▶ PROBLEM TO WORK ON
Begin at the line with "Broche de cheveux" and output every line through the end of the records, exactly as given. Omit pictures.

[[ SUPPLIED MATERIAL open ]]

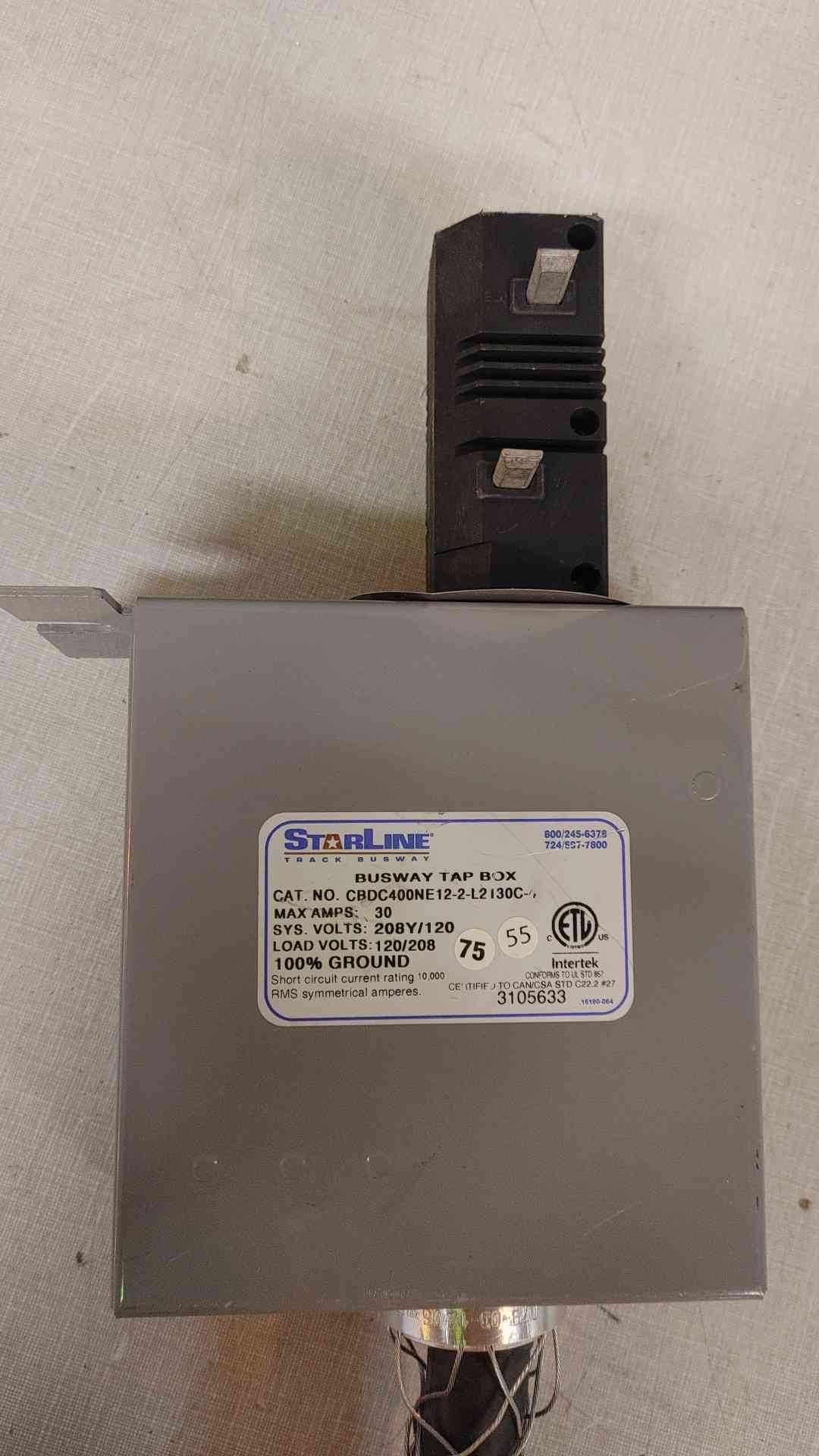 Starline Busway Tap Box 30A 208Y/120V CBDC400NE12-2-L2130C-4(103672)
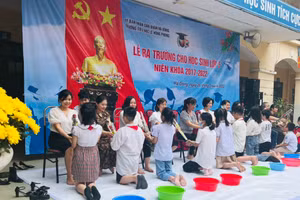 Học sinh khối 5 lên tặng hoa để tri ân bố mẹ đã có công sinh thành, dưỡng dục mình.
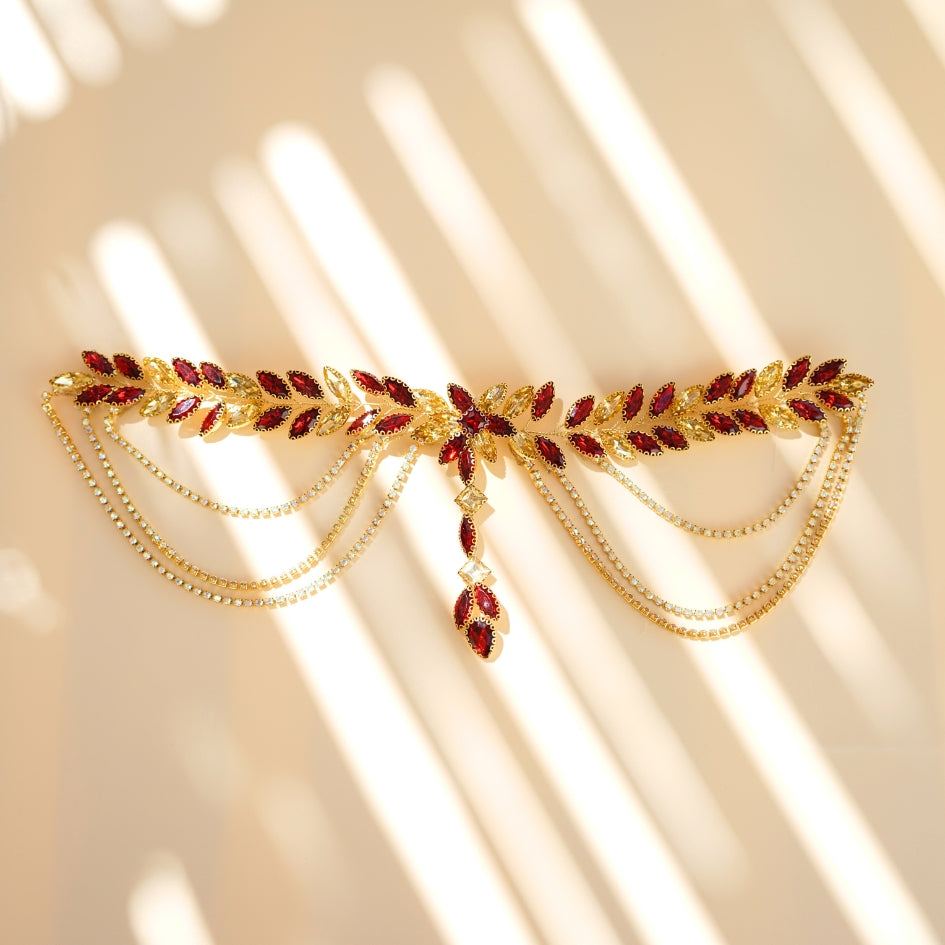 Broche de cheveux pour mariage couleur rouge et dorée
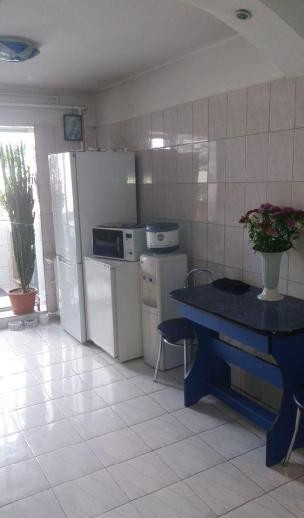 Apartament -3 camere -decomandat-Zona Rahova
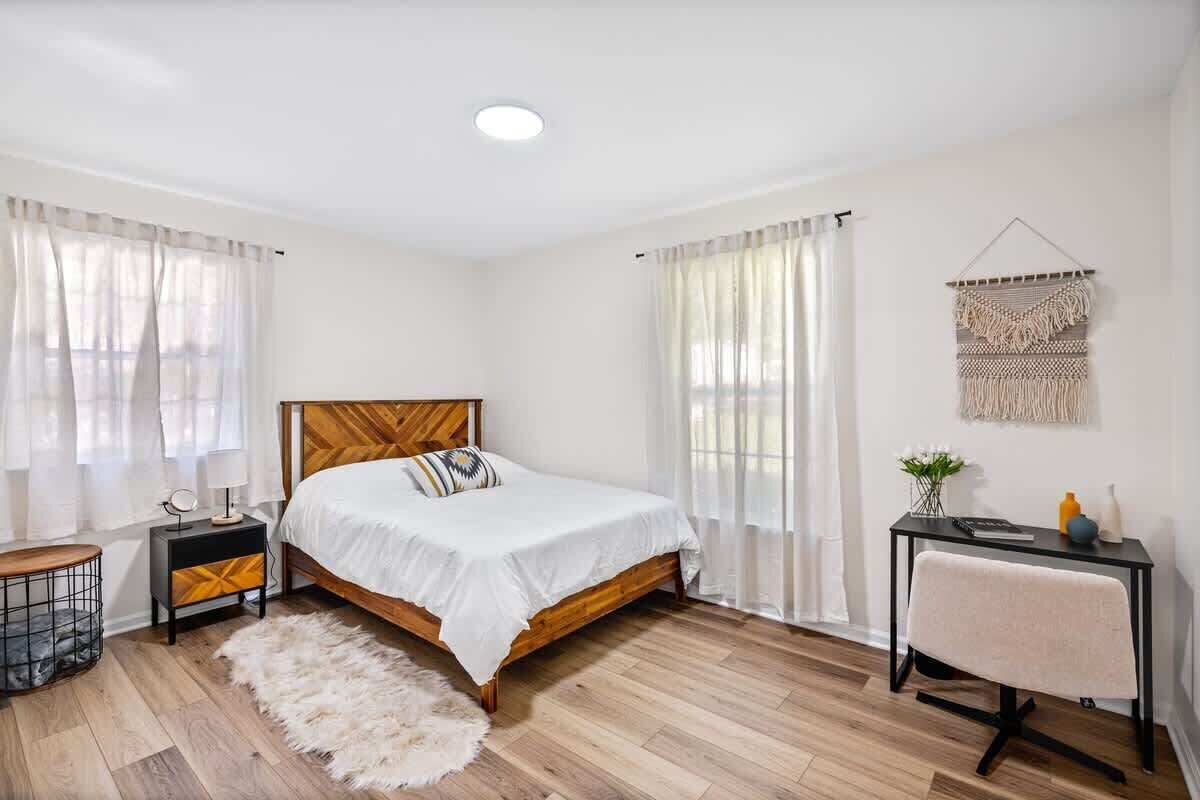 3 bedrooms, iron/ironing board, travel crib, WiFi (free)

[[ SUPPLIED MATERIAL closed ]]

▶ RESULT OF THE EXERCISE
 Broche de cheveux pour mariage couleur rouge et dorée
 Apartament -3 camere -decomandat-Zona Rahova
 3 bedrooms, iron/ironing board, travel crib, WiFi (free)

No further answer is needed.